Assignment:
The answer must consist only of the lines from the line with "Mini - Bomberjacke" to the line with "Claude Code Logo", both included, exactly as they stand below.

Data:

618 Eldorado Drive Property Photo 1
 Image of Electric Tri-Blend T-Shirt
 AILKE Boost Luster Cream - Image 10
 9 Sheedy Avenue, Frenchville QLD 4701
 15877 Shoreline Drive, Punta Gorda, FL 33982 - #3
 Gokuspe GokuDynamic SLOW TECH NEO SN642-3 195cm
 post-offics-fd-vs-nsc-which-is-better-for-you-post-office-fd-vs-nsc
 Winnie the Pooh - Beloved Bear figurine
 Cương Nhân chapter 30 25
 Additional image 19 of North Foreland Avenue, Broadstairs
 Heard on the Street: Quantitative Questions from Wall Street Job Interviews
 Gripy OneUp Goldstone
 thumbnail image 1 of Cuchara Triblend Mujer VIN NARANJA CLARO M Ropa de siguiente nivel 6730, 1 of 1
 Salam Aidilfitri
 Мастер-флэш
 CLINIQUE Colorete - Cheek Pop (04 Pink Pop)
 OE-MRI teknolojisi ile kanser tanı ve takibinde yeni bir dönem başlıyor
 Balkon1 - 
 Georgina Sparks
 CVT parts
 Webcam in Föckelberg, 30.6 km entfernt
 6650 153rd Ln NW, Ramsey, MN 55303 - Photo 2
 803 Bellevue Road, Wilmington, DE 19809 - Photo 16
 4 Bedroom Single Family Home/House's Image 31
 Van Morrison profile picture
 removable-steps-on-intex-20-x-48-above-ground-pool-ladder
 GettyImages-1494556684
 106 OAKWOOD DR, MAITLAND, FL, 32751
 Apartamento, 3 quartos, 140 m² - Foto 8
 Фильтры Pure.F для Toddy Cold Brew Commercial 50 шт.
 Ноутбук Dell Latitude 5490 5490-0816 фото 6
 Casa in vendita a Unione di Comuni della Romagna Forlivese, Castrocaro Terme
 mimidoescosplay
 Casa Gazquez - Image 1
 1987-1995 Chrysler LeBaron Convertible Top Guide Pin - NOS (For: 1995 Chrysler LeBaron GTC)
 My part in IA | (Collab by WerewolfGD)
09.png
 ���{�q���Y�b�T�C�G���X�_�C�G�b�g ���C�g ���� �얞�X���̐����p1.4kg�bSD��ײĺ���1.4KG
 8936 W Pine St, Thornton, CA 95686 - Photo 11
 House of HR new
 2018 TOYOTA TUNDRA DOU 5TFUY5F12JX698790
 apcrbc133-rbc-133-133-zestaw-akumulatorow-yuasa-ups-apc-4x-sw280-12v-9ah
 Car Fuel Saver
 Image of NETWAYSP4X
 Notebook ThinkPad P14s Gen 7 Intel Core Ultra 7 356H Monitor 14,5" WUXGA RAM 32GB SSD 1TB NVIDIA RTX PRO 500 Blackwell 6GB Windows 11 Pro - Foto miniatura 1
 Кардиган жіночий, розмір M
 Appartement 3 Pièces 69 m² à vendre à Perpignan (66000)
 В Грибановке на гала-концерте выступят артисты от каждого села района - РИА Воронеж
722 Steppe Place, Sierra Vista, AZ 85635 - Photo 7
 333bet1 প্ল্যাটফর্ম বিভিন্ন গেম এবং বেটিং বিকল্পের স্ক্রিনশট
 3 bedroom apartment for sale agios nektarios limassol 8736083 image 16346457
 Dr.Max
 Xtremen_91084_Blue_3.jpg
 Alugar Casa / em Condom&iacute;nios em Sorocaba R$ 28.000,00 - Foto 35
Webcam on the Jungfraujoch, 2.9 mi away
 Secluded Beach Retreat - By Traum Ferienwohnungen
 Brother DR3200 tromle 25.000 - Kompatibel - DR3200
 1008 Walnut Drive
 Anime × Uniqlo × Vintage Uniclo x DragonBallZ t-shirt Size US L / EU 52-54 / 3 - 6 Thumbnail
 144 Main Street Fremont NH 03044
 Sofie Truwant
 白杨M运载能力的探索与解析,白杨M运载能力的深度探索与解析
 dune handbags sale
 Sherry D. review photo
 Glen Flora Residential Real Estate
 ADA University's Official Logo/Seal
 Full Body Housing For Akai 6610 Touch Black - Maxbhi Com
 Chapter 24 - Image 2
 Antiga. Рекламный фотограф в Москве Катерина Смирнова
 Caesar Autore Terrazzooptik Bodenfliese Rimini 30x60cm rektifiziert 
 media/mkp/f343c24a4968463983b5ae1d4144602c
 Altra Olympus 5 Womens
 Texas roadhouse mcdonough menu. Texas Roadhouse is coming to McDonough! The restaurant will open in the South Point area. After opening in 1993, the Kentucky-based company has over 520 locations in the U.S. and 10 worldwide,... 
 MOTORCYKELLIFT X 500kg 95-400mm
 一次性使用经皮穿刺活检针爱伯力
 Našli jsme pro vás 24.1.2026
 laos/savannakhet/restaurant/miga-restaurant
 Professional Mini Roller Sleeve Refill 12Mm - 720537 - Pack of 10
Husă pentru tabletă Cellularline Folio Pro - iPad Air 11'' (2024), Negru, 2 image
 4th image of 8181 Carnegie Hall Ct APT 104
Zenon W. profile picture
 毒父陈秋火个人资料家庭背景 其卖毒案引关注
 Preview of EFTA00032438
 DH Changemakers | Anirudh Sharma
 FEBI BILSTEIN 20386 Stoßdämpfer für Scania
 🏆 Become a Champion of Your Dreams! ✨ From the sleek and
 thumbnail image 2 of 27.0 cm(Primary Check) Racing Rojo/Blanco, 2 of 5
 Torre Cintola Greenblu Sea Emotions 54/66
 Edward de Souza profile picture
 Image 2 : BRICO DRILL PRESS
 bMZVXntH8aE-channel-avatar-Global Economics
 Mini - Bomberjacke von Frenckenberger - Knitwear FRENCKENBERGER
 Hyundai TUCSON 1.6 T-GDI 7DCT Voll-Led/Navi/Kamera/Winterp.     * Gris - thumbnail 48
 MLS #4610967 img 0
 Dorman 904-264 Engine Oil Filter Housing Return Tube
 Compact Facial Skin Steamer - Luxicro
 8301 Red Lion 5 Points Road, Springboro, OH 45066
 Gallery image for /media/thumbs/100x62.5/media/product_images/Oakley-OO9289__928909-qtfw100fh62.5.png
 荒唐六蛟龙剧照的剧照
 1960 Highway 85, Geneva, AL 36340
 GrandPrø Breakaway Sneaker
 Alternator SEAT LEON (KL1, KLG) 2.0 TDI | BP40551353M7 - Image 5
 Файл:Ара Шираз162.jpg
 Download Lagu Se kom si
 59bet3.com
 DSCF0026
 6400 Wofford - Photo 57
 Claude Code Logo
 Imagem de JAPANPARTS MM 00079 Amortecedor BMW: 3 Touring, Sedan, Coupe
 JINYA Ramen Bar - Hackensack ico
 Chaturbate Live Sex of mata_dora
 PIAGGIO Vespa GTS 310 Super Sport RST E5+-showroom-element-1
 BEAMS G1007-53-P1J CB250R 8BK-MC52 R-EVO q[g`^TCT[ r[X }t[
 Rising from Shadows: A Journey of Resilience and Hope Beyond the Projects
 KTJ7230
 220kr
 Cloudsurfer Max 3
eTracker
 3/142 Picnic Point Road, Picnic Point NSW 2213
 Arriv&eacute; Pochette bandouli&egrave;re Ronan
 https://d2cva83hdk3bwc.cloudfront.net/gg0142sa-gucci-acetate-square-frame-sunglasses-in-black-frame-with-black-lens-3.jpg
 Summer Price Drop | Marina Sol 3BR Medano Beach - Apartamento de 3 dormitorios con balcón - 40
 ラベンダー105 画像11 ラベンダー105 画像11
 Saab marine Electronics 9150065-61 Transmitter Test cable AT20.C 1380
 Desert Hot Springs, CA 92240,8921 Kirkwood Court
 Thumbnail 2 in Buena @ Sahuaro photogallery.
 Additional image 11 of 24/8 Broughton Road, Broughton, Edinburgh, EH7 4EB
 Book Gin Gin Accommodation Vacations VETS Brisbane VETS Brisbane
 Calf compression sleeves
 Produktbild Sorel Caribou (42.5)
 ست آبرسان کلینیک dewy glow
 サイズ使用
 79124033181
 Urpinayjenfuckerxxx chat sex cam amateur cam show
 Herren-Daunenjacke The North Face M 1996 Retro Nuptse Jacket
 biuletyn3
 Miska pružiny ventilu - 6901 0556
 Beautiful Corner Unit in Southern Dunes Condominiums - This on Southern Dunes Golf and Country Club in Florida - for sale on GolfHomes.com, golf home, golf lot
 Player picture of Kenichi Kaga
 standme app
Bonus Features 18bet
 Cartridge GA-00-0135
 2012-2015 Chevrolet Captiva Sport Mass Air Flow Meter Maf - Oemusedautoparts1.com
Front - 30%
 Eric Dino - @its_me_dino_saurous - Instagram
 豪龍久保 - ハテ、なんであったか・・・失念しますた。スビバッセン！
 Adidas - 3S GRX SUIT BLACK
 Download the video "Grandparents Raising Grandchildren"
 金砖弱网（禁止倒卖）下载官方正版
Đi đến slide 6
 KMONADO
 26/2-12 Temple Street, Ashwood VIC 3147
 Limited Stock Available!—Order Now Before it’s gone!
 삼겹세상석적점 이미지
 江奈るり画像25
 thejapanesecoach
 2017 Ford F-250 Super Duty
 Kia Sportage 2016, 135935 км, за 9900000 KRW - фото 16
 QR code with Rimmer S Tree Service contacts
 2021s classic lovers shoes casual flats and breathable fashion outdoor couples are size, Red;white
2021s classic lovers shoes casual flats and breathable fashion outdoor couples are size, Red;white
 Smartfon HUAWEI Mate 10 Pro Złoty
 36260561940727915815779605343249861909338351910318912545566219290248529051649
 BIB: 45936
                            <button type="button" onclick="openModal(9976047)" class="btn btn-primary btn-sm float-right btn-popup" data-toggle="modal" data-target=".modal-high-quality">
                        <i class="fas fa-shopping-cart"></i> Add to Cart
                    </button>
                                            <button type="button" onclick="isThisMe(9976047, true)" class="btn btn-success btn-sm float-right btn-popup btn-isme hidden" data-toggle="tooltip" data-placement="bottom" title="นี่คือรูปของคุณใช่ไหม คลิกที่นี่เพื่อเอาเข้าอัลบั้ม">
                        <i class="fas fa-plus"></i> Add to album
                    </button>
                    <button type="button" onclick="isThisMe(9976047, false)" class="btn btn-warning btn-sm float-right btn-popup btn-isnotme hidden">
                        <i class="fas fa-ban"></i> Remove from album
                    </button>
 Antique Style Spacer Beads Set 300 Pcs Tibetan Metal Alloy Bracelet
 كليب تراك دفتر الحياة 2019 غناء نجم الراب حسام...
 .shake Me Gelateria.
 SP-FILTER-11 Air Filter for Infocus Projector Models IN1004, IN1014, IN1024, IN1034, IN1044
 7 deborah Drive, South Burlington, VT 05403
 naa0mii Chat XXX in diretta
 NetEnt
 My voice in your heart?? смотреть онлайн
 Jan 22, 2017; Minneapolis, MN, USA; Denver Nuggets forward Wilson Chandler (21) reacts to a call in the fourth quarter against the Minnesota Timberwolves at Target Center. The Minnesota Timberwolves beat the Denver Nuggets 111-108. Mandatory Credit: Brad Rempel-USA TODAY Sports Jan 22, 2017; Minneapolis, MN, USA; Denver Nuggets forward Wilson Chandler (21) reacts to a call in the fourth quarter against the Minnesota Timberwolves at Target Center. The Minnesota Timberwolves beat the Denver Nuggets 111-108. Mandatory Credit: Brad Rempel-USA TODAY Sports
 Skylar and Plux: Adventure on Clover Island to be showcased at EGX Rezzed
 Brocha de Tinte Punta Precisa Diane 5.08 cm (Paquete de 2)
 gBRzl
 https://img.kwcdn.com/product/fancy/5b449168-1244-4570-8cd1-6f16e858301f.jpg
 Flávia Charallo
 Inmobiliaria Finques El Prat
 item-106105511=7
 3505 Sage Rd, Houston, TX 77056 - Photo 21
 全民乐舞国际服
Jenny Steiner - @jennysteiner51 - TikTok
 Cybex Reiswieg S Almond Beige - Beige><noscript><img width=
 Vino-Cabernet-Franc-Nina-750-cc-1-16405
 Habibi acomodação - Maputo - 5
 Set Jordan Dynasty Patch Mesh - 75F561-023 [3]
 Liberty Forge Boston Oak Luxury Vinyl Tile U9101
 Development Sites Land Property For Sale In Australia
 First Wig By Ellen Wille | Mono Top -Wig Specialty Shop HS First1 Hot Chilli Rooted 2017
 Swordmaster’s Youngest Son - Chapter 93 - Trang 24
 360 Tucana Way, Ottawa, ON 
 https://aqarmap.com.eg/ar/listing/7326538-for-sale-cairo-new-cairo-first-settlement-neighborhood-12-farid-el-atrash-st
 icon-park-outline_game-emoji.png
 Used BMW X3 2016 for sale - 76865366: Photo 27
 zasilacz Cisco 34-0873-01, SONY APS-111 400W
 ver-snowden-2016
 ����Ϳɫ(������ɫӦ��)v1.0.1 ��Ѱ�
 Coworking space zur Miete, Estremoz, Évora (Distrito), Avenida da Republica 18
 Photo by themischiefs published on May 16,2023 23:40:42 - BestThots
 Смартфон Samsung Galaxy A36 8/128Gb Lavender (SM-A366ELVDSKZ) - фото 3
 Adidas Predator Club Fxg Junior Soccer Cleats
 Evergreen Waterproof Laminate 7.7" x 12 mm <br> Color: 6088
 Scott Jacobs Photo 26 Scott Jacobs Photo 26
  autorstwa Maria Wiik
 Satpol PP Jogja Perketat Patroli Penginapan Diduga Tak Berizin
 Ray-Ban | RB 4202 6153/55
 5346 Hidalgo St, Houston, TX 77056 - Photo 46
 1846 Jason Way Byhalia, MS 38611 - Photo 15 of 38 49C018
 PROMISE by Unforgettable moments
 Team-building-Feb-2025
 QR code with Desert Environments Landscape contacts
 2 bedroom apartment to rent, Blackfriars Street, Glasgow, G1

Exercise solution:
 Mini - Bomberjacke von Frenckenberger - Knitwear FRENCKENBERGER
 Hyundai TUCSON 1.6 T-GDI 7DCT Voll-Led/Navi/Kamera/Winterp.     * Gris - thumbnail 48
 MLS #4610967 img 0
 Dorman 904-264 Engine Oil Filter Housing Return Tube
 Compact Facial Skin Steamer - Luxicro
 8301 Red Lion 5 Points Road, Springboro, OH 45066
 Gallery image for /media/thumbs/100x62.5/media/product_images/Oakley-OO9289__928909-qtfw100fh62.5.png
 荒唐六蛟龙剧照的剧照
 1960 Highway 85, Geneva, AL 36340
 GrandPrø Breakaway Sneaker
 Alternator SEAT LEON (KL1, KLG) 2.0 TDI | BP40551353M7 - Image 5
 Файл:Ара Шираз162.jpg
 Download Lagu Se kom si
 59bet3.com
 DSCF0026
 6400 Wofford - Photo 57
 Claude Code Logo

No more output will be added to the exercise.